Let me offer a few personal updates which would, if he were interested, bear on professor Ackerman’s arguments:

1. I met last week with the general counsel of a Fortune 20 company (one of the biggest clients in the world) who wants law schools to cut the third year.

2. I had breakfast today with the GC of a Fortune 100 company who is looking for ways to create externships for 3Ls to effectively pay for the third year.

3. I met last week with the head of legal operations for a top-five bank (also one of the biggest clients in the world) who is publishing updated billing guidelines that decline to pay for first- and second-year associates.

4. I talked to partners from an extremely elite law firm who had an MIT professor speak at their partners’ retreat and tell them: “You will likely be out of business in 5-10 years.”

5. I got invited to speak to another firm’s partners retreat on the basis of something I wrote years ago that the firm said was “just entering the partners’ awareness.”

6. A law school professor who dismissed me as “thoroughly off base” a few years ago when I started writing about this stuff has now invited me to speak to his new class on the future of law.

7. We are working with more than a dozen law schools to develop a scalable model of “legal rounds” to accelerate learning and, as one dean put it, “prepare 21st-century Lawyers, not prepare 20th-century lawyers a little quicker” (self-interest acknowledged).
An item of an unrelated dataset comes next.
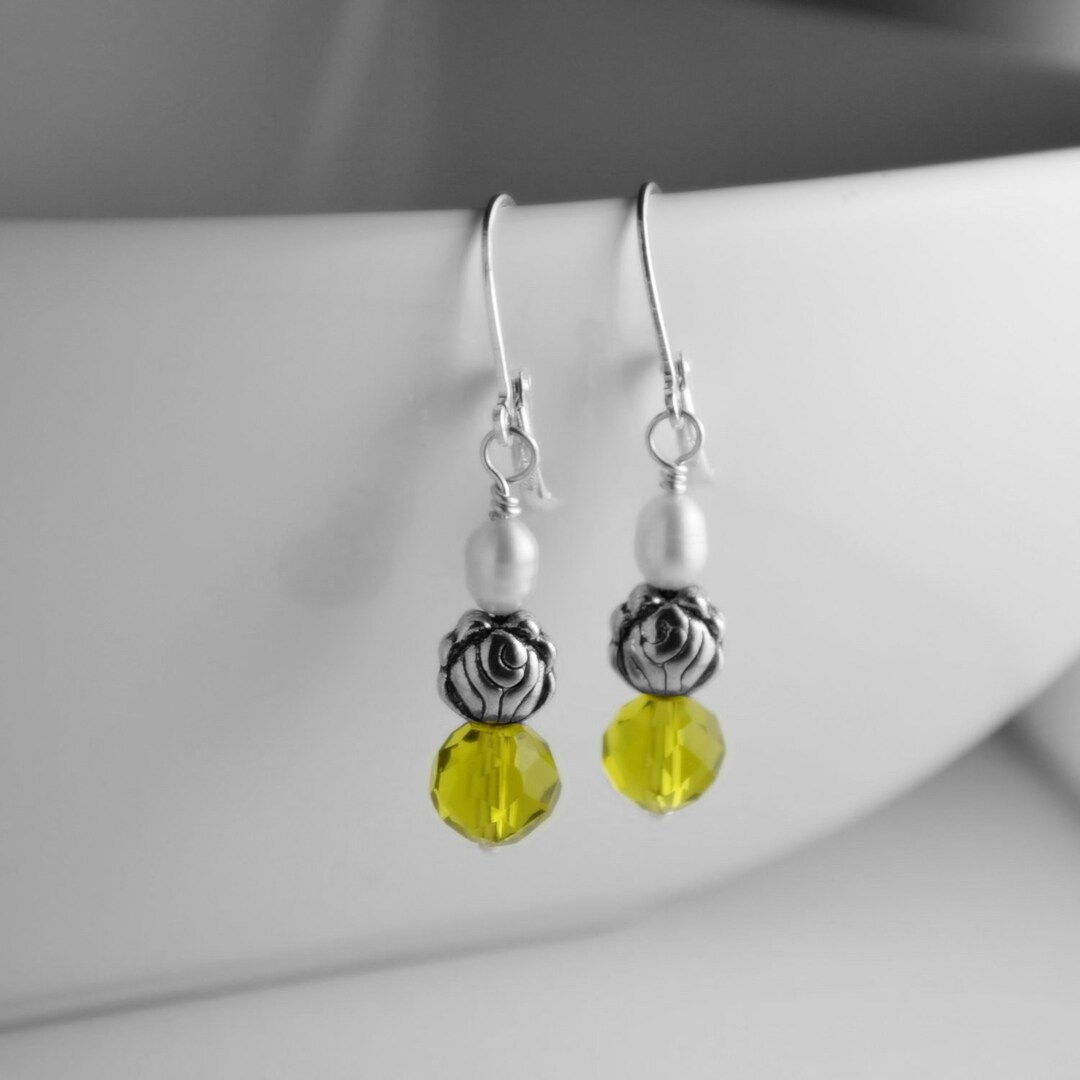 GREEN EARRINGS, Green Jewelry, Gift Ideas, Birthday, Weddings, Green Crystals, Animal Rescue ...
8. I read a new book, The American Legal Profession in Crisis, from Washington & Lee professor James Moliterno, describing how the response of the organized bar (and legal academy) to every change over the last hundred years has been to resist it. The only thing that’s new is now most people in the legal academy define themselves as progressive even as they defend the status quo at every turn.

9. I’ve talked to many deans since the president’s remarks at Binghamton University, part of the State University of New York system, and all of them say they don’t agree. Well, duh, what else would they say? No law school can possibly move its model to two years as presently constructed, and there’s nothing in any dean’s experience that suggests pursuing a breakout strategy to try to offer a cheaper law school to gain market share. Does that mean a two-year school is a mistake? No more than it means it’s the right answer.

The world is changing in good and not-so-good ways, offering new possibilities and forcing rigorous choices, many of which we would prefer to avoid. No one knows the future, but those who engage with it seriously will be fine. None of us will always get those choices right, but dismissing the president of the United States when he challenges your status quo in an essay that speaks only to the converted doesn’t make much of a case for the analytical rigor or intellectual objectivity of today’s law schools.


Paul Lippe is the CEO of the Legal OnRamp, a Silicon Valley-based initiative founded in cooperation with Cisco Systems to improve legal quality and efficiency through collaboration, automation and process re-engineering.